▸ Task data:
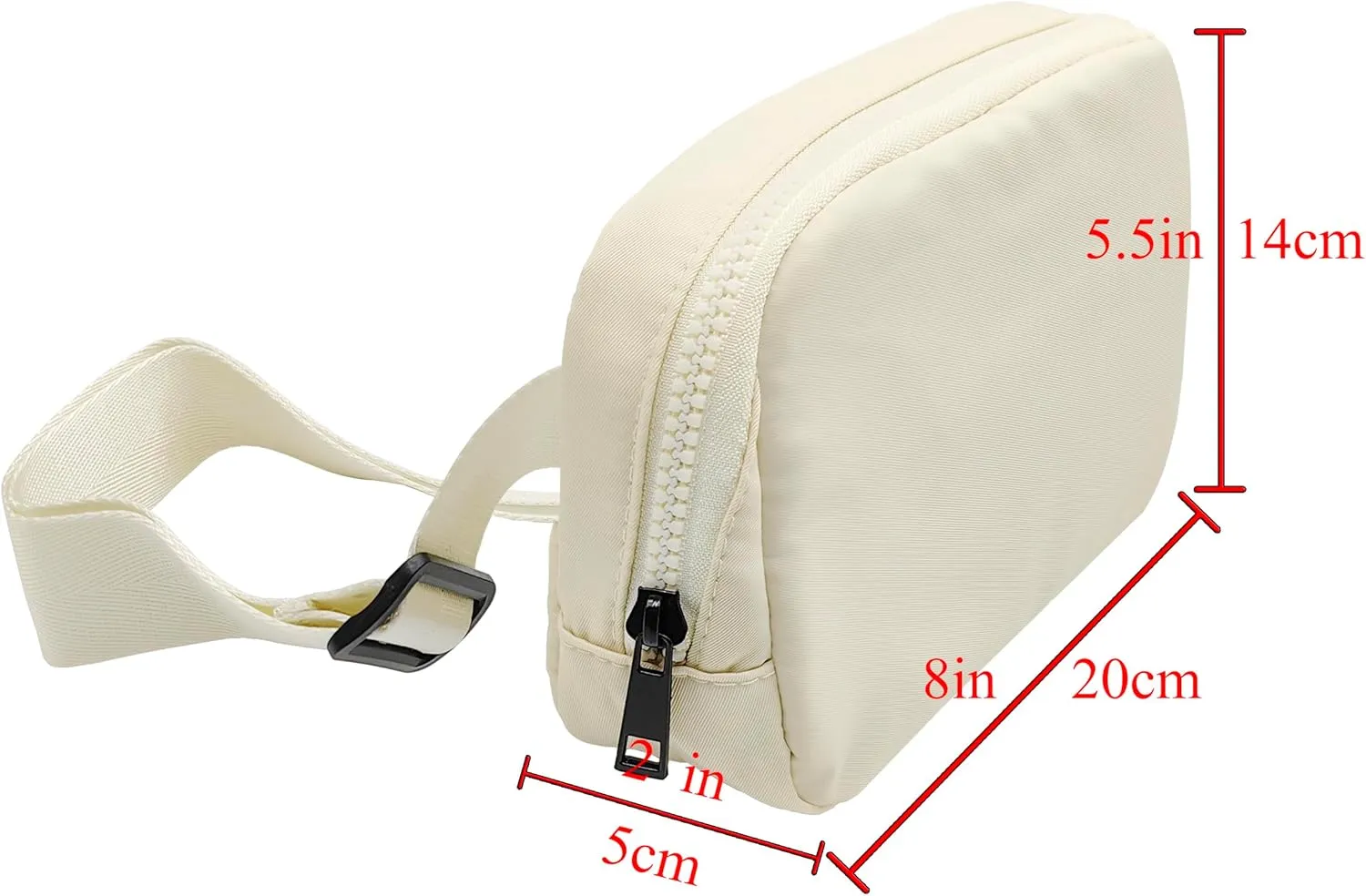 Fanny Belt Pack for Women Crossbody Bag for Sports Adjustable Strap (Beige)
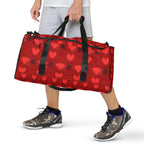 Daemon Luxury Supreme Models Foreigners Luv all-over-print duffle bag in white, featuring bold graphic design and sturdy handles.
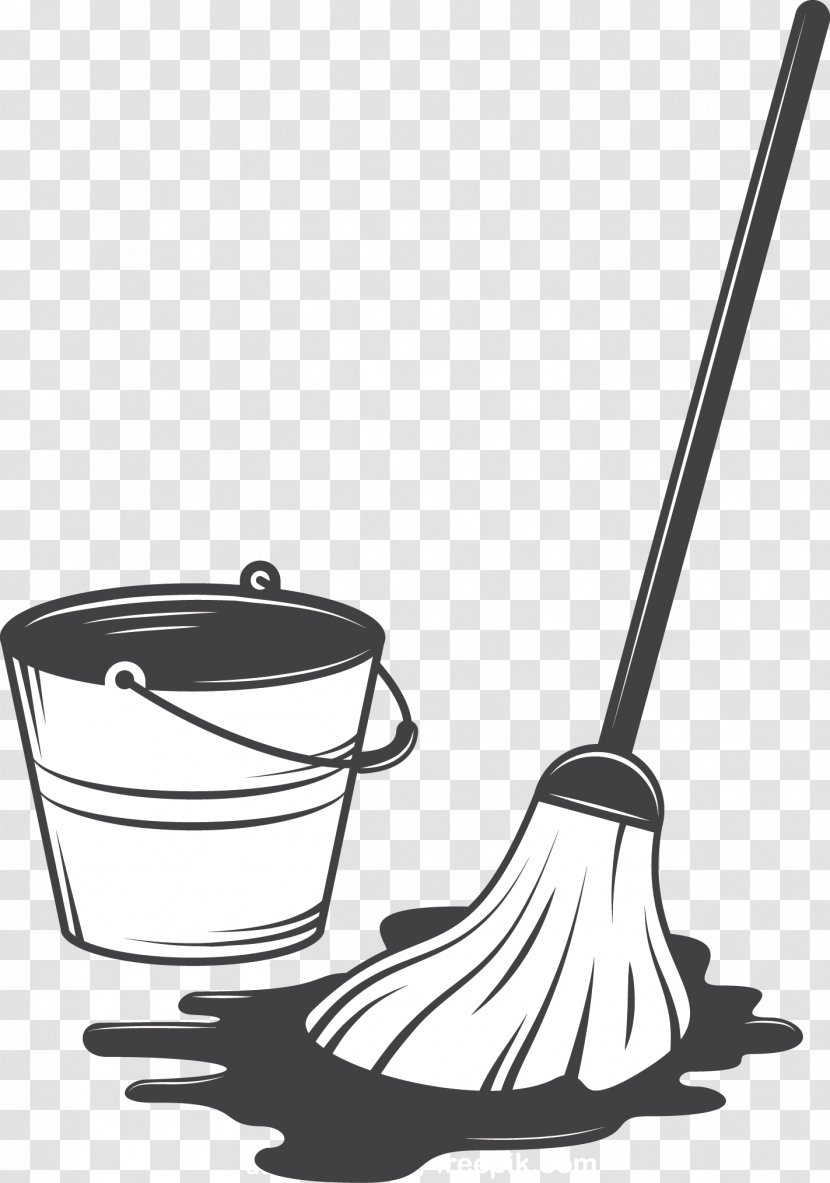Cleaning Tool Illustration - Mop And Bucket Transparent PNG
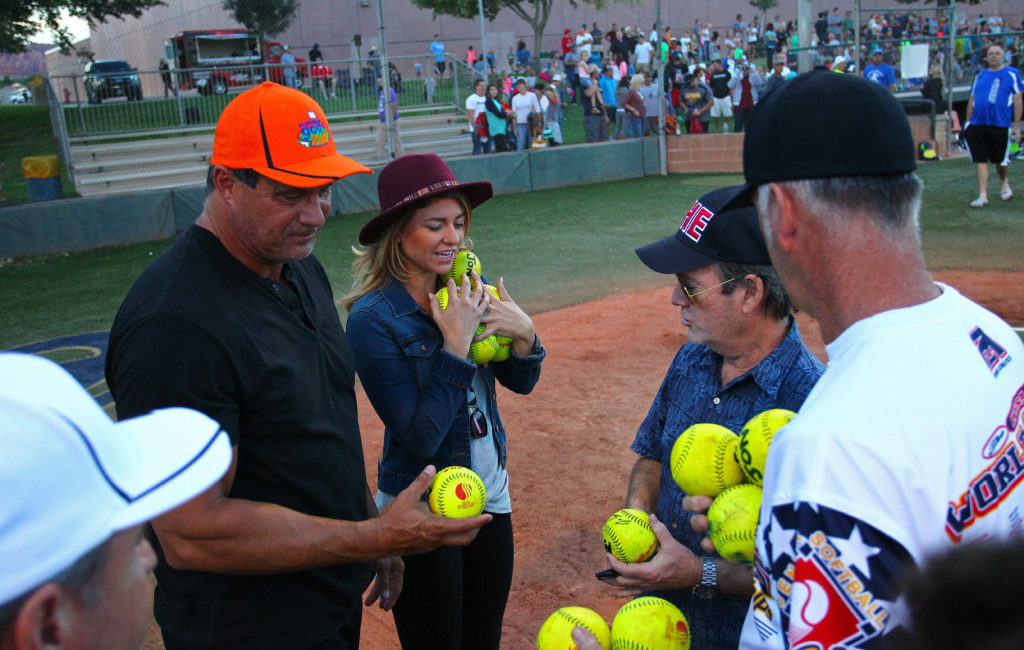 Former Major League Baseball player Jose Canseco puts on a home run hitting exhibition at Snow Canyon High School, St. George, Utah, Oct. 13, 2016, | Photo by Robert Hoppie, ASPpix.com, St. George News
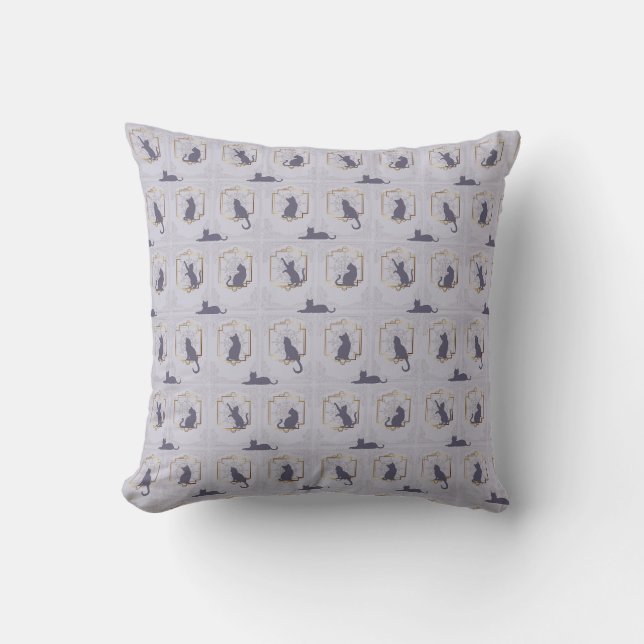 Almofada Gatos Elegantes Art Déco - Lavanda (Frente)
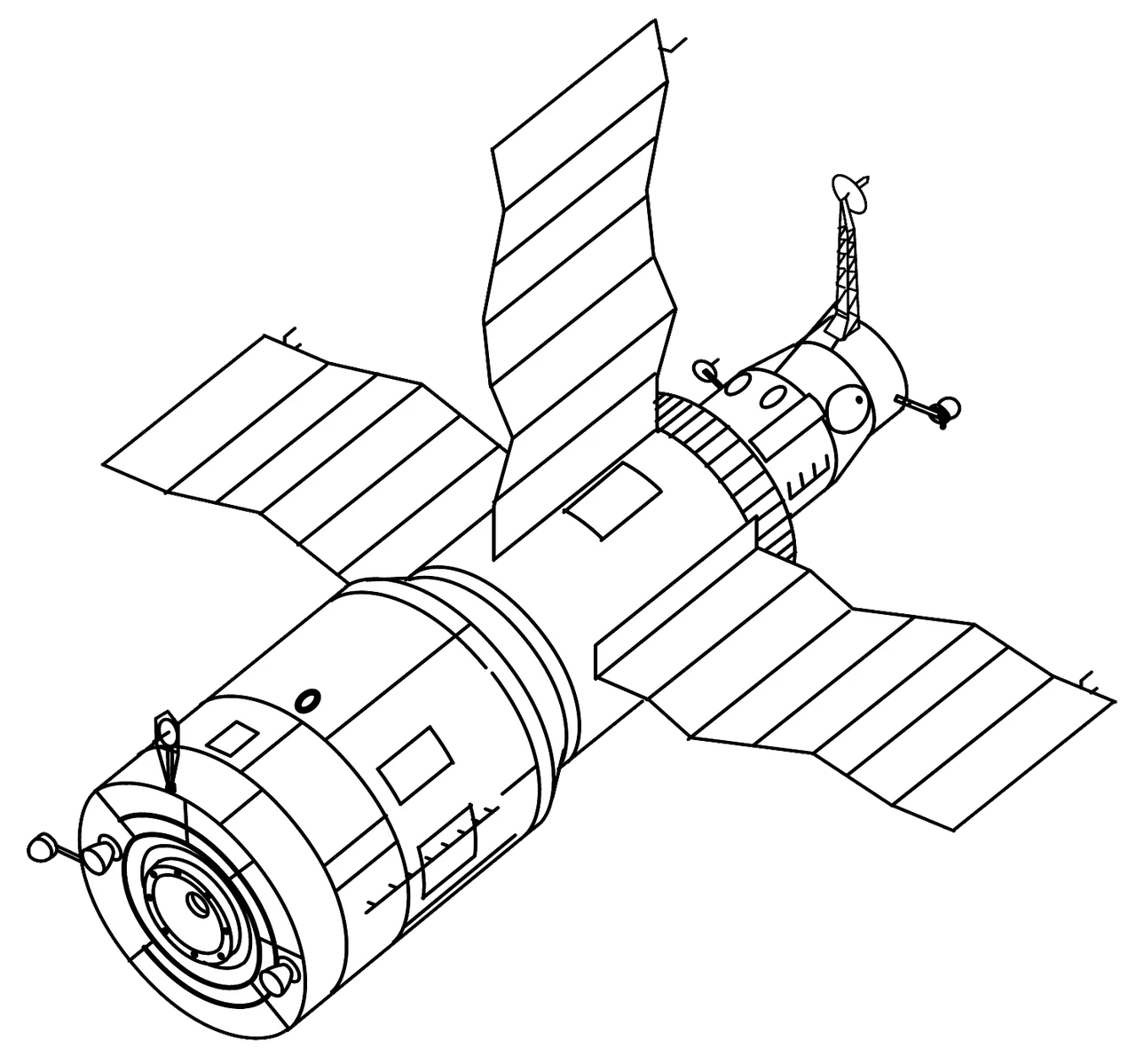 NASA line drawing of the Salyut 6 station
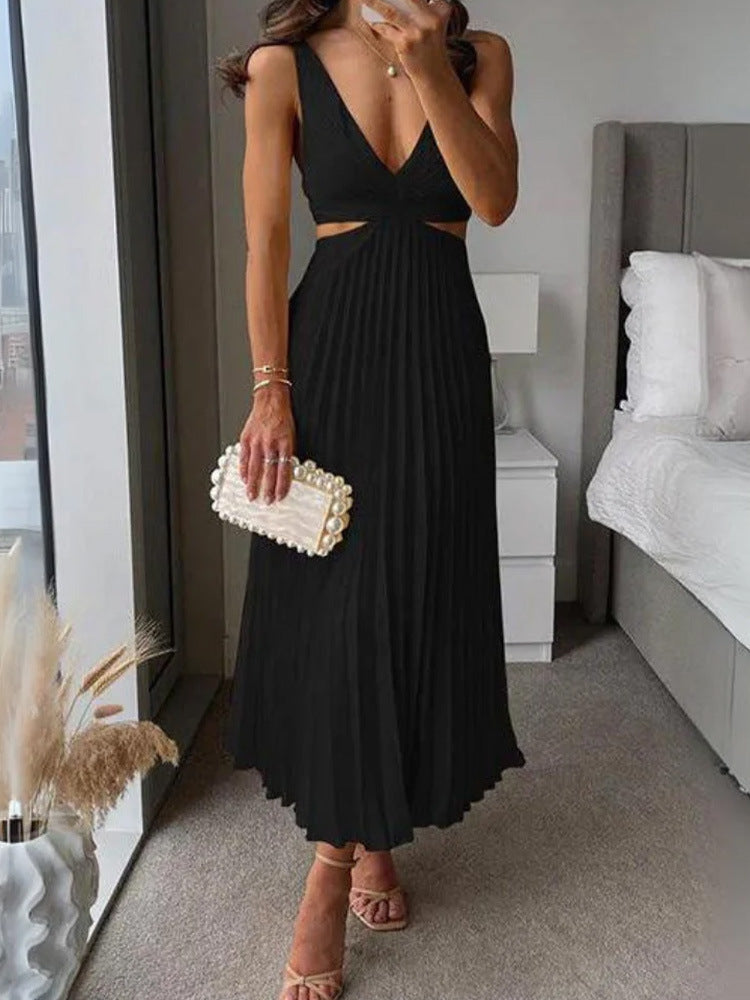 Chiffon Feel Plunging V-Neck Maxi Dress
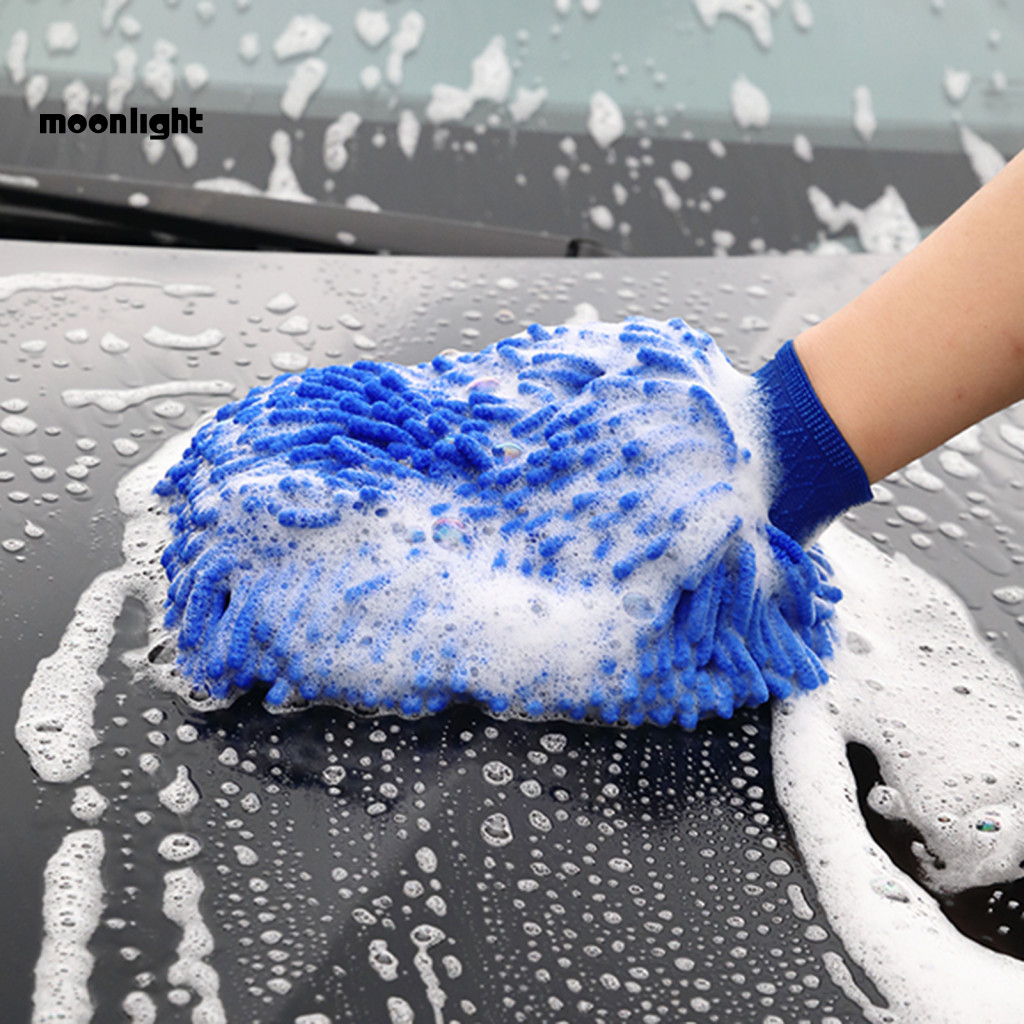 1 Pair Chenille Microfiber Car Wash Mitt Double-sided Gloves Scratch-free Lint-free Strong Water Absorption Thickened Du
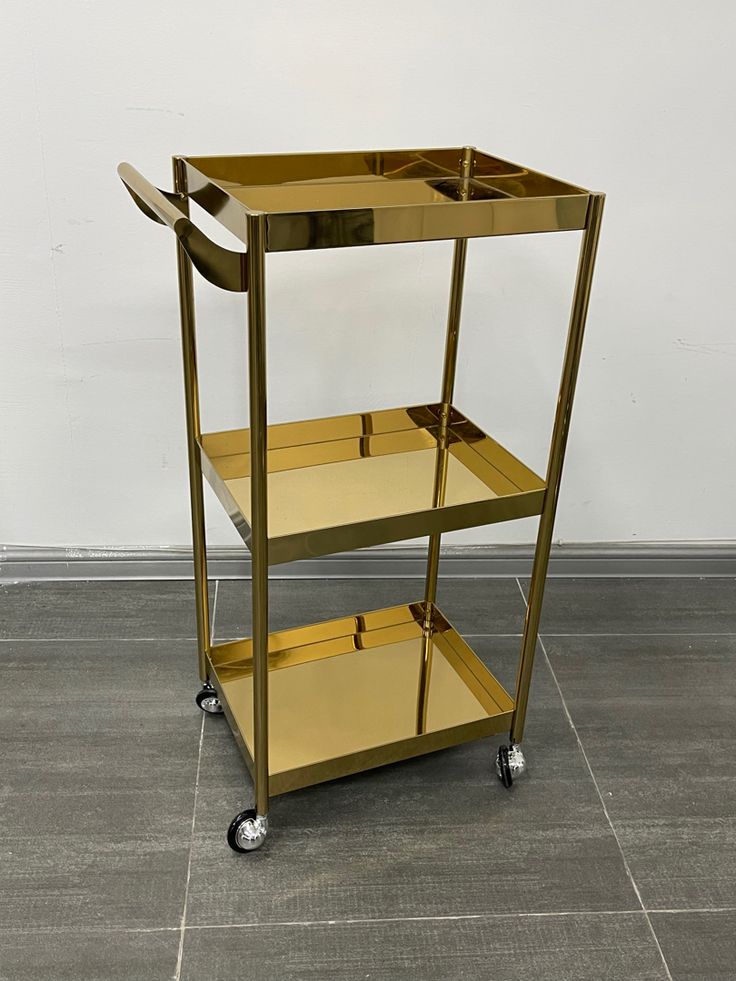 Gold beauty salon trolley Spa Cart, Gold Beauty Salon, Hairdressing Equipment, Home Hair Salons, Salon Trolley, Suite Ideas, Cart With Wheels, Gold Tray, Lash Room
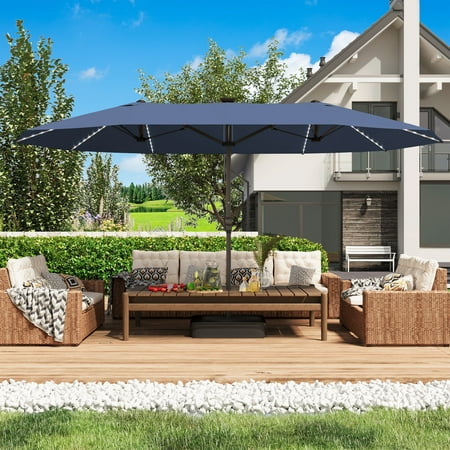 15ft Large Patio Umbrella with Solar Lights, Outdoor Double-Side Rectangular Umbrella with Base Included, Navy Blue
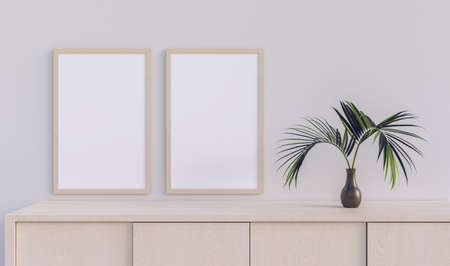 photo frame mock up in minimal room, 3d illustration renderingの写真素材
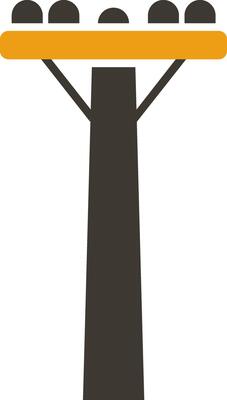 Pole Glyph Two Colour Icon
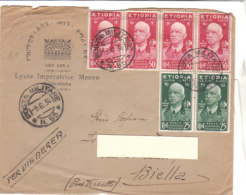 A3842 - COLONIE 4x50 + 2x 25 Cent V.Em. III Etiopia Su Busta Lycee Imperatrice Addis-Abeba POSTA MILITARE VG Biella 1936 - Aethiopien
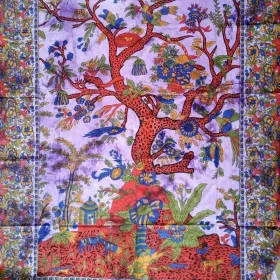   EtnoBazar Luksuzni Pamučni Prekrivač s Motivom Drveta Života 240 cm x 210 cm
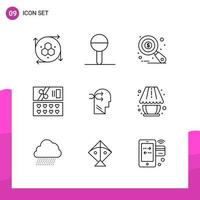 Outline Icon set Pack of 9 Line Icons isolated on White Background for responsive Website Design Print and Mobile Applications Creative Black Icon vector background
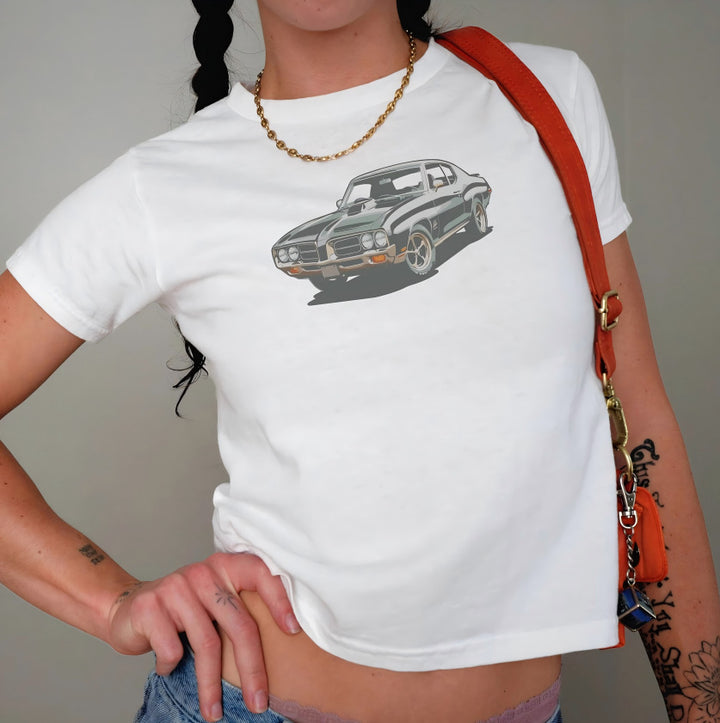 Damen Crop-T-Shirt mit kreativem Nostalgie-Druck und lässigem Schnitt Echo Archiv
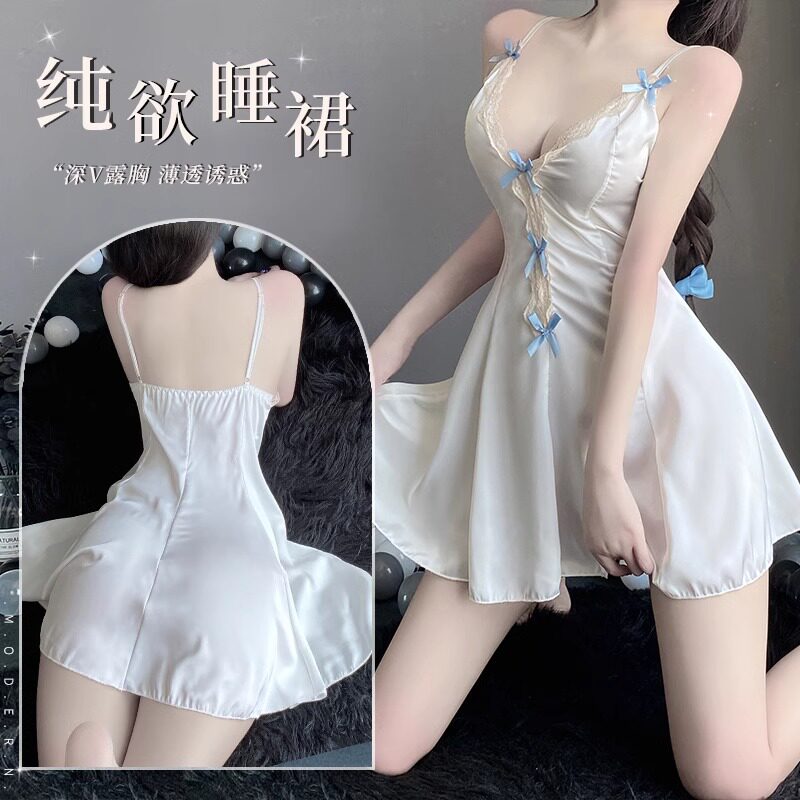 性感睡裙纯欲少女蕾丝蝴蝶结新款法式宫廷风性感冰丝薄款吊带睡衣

▸ Your task: With pictures left out, repeat exactly the lines from the line bearing "Daemon Luxury Supreme" through the final line of the records above.

▸ Output of the exercise:
 Daemon Luxury Supreme Models Foreigners Luv all-over-print duffle bag in white, featuring bold graphic design and sturdy handles.
Cleaning Tool Illustration - Mop And Bucket Transparent PNG
 Former Major League Baseball player Jose Canseco puts on a home run hitting exhibition at Snow Canyon High School, St. George, Utah, Oct. 13, 2016, | Photo by Robert Hoppie, ASPpix.com, St. George News
 Almofada Gatos Elegantes Art Déco - Lavanda (Frente)
 NASA line drawing of the Salyut 6 station
 Chiffon Feel Plunging V-Neck Maxi Dress
 1 Pair Chenille Microfiber Car Wash Mitt Double-sided Gloves Scratch-free Lint-free Strong Water Absorption Thickened Du
 Gold beauty salon trolley Spa Cart, Gold Beauty Salon, Hairdressing Equipment, Home Hair Salons, Salon Trolley, Suite Ideas, Cart With Wheels, Gold Tray, Lash Room
 15ft Large Patio Umbrella with Solar Lights, Outdoor Double-Side Rectangular Umbrella with Base Included, Navy Blue
 photo frame mock up in minimal room, 3d illustration renderingの写真素材
 Pole Glyph Two Colour Icon
 A3842 - COLONIE 4x50 + 2x 25 Cent V.Em. III Etiopia Su Busta Lycee Imperatrice Addis-Abeba POSTA MILITARE VG Biella 1936 - Aethiopien
   EtnoBazar Luksuzni Pamučni Prekrivač s Motivom Drveta Života 240 cm x 210 cm
 Outline Icon set Pack of 9 Line Icons isolated on White Background for responsive Website Design Print and Mobile Applications Creative Black Icon vector background
 Damen Crop-T-Shirt mit kreativem Nostalgie-Druck und lässigem Schnitt Echo Archiv
 性感睡裙纯欲少女蕾丝蝴蝶结新款法式宫廷风性感冰丝薄款吊带睡衣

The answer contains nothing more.